◆ YOUR INSTRUCTIONS: Return all of the data below verbatim and exclude every picture.

◆ AVAILABLE DATA:
▼

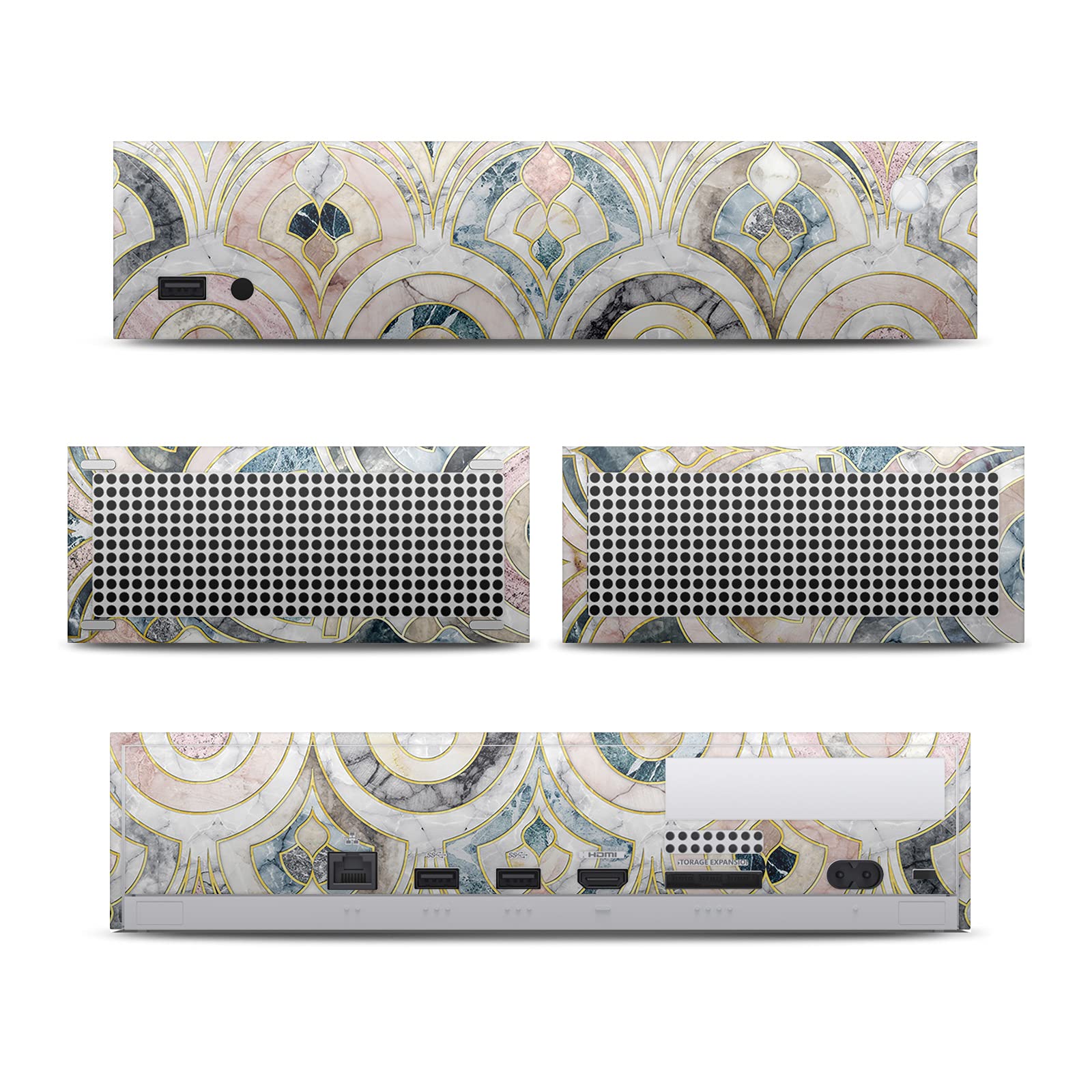 Head Case Designs Official Micklyn Le Feuvre Art Deco Tile Soft Pastel Vinyl Skin Sticker for Xbox Series S Console & Controller Bundle - Perfect for Gaming, Customization & Protection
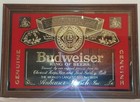 Vtg 1984 Budweiser  king Of Beer  18 x 26  Wood Framed Mirror W gold Lettering 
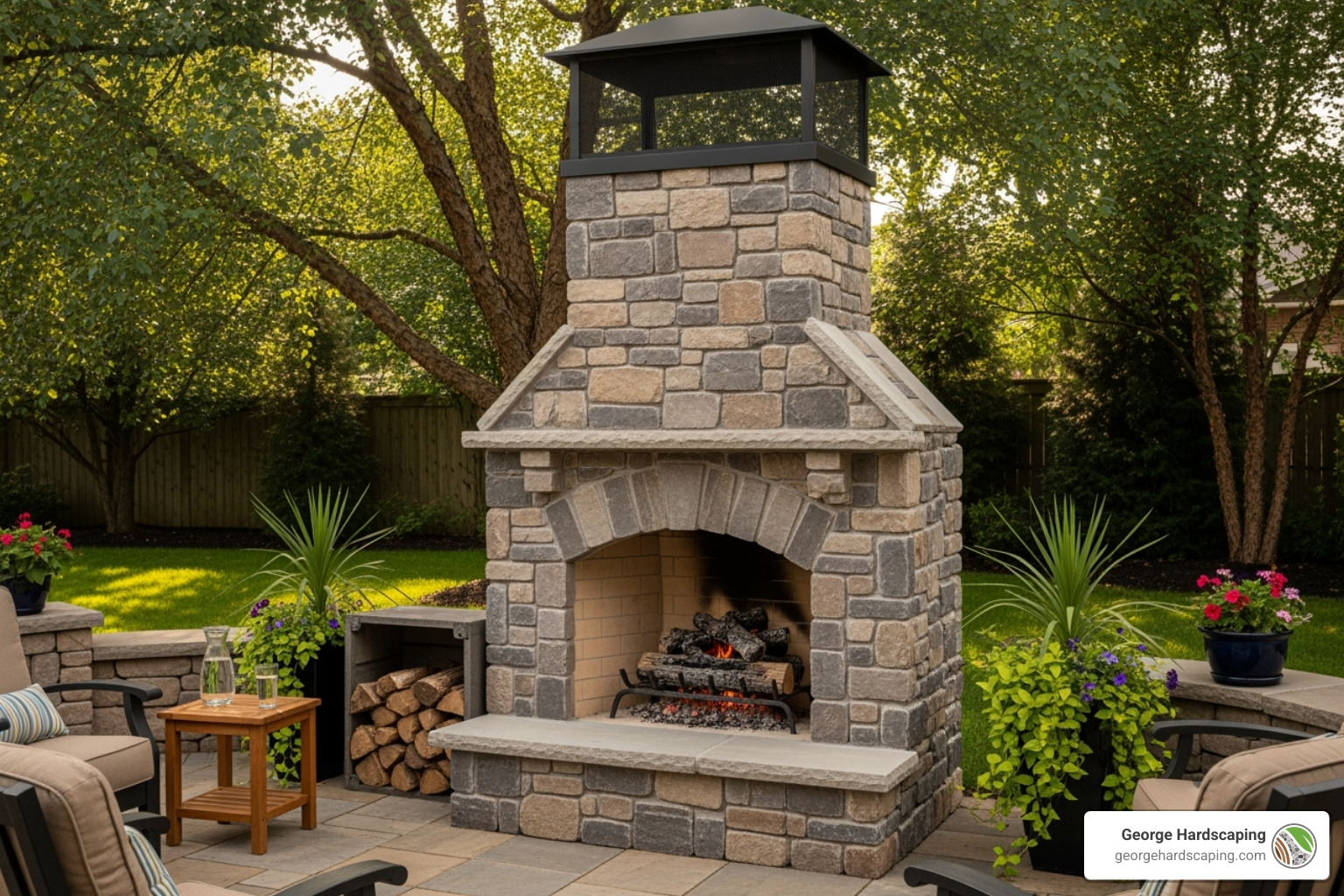 completed outdoor fireplace with a chimney cap and spark arrestor clearly visible; Essex County home; keyword: how to build an outdoor fireplace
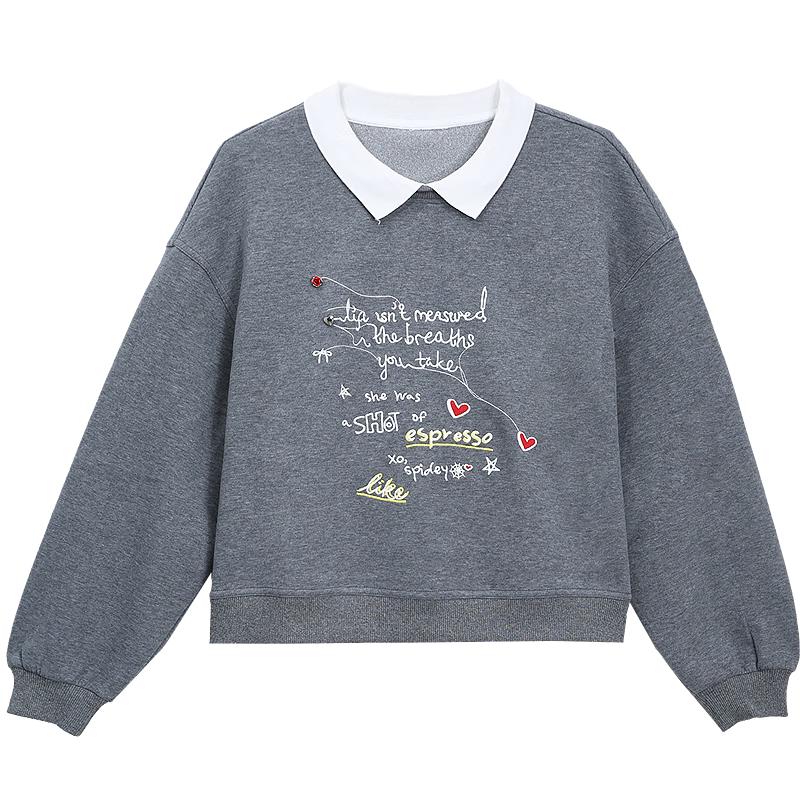 

BETU Women s Contrast Collar Letter Print Casual Sweatshirt XS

▲

◆ REPLY:
 Head Case Designs Official Micklyn Le Feuvre Art Deco Tile Soft Pastel Vinyl Skin Sticker for Xbox Series S Console & Controller Bundle - Perfect for Gaming, Customization & Protection
 Vtg 1984 Budweiser  king Of Beer  18 x 26  Wood Framed Mirror W gold Lettering 
 completed outdoor fireplace with a chimney cap and spark arrestor clearly visible; Essex County home; keyword: how to build an outdoor fireplace

BETU Women s Contrast Collar Letter Print Casual Sweatshirt XS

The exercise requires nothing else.